こうした書き換えは、著作権法が規定する「やむを得ないと認められる改変」にあたり、権利の侵害には該当しないことも示している。

ただし同項は引き続いて、旧字旧仮名版と現代表記版作成に関する具体的な作業指針を、以下のように示している。
もともと旧字、旧仮名で書かれた作品の忠実な電子化を行う際は、旧字、旧仮名で表記された底本を選ぶ。
一方、読みやすさを優先させたい場合は、旧字、旧仮名を現代表記にあらためた文庫本などを底本とする。
つまり、それ自体意味のある現代表記への書き換えに際しても、改変に伴う判断は出版社の編集作業に委ねると、マニュアルは青空文庫の役割を限定して規定してきた。

マニュアル本文も、「2.入力-1」において、入力にあたっては「「底本のできるだけ忠実な再現」を目標に置き、「勝手な編集はしない」」ことを求めてきた。

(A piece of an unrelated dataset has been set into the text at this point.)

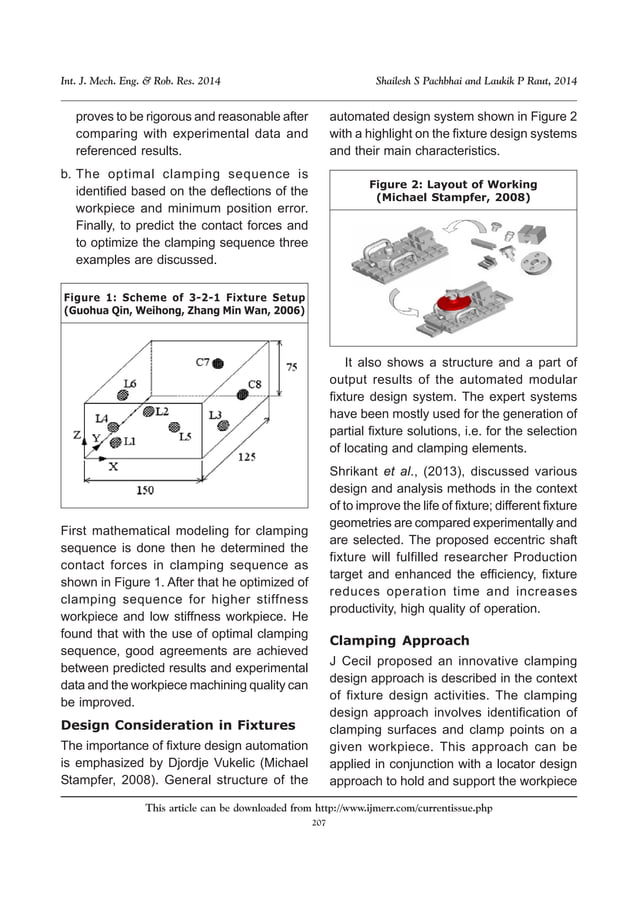 Design and development of hydraulic fixture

「表記の変更には、一切手を出さない」としたこの指針の裏には、編集の経験をもたない者が多く関わる青空文庫の作業において、個々の作業者に多くの判断を委ねれば、テキストの信頼性を損なう場合があるという怖れがあった。

だが、もともとは旧字、旧仮名で書かれた作品の全てに対して、出版社の手で現代表記にあらためられた版が用意されているわけではない。
青空文庫の作業対象が広がるにつれて、我々自身が書き換えの作業に取り組むしかないと判断せざるを得ないケースがふえてきた。
加えて青空文庫は一つのまとまりとして、電子化に関する経験を積んできた。

そこで、原則はこれまでどおり「底本の忠実な入力」におきながらも、旧字、旧仮名版しか存在しない作品に関して入力者が現代表記への書き換えを望む場合には、呼びかけ人と協議して方針を決めることとする。
書き換えを希望する入力者は、着手前に必ず呼びかけ人(reception@aozora.gr.jp)に、打診する。
書き換えの必要性に対して意見の一致を見れば、入力者はあらかじめ呼びかけ人に対して作業方針を示し、書き換えの作業を進める。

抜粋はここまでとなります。